I'm getting "permission denied" errors when using MLflow 2.1.8 with Databricks runtime 11.3.
It looks like it is trying to write to /tmp
, which you can't do in Databricks.
I tried setting MLFLOW_DFS_TMP
in the environment, but this seems not to do anything.
It looks like later versions of Databricks like DBR 13 have support for setting the temporary directory, but I'm stuck on DBR 11 for other reasons.
I tracked this down in the MLflow source.
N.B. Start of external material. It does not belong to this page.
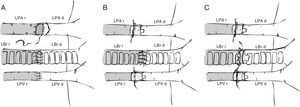 Surgical techniques in mouse model lung transplantation. (A) Vascular and bronchial anastomosis with sutures. (B) Bronchial anastomosis with sutures and use of vascular cuffs in the pulmonary vein and artery. (C) Vascular and bronchial anastomosis using cuffs. LBr d: left bronchus of donor animal; LBr r: left bronchus of recipient animal; LPA d: left pulmonary artery of donor animal; LPA r: left pulmonary artery of recipient animal; LPV d: left pulmonary vein of donor animal; LPV r: left pulmonary vein of recipient animal.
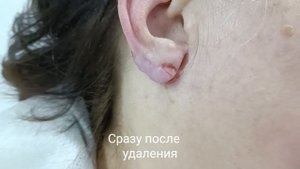 Удаление келоидного рубца.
According to the current source as of 2023-11-30, MLflow is catching all exceptions when looking for the temp directory support on Databricks:
try:
return _get_dbutils().entry_point.getReplLocalTempDir()
except Exception:
pass
It falls back to using /tmp
when the method getReplLocalTempDir
is not found on entry_point
, throwing an exception.
I monkey-patched the databricks runtime from my notebook:
from mlflow.utils.databricks_utils import _get_dbutils
def fake_tmp():
return '/dbfs/...' # something writable
_get_dbutils().entry_point.getReplLocalTempDir = fake_tmp
This allows mlflow.pyfunc.log_model()
to run in the old Databricks runtime. It's not necessary for DBR 13, but I had to run on DBR 11 for reasons.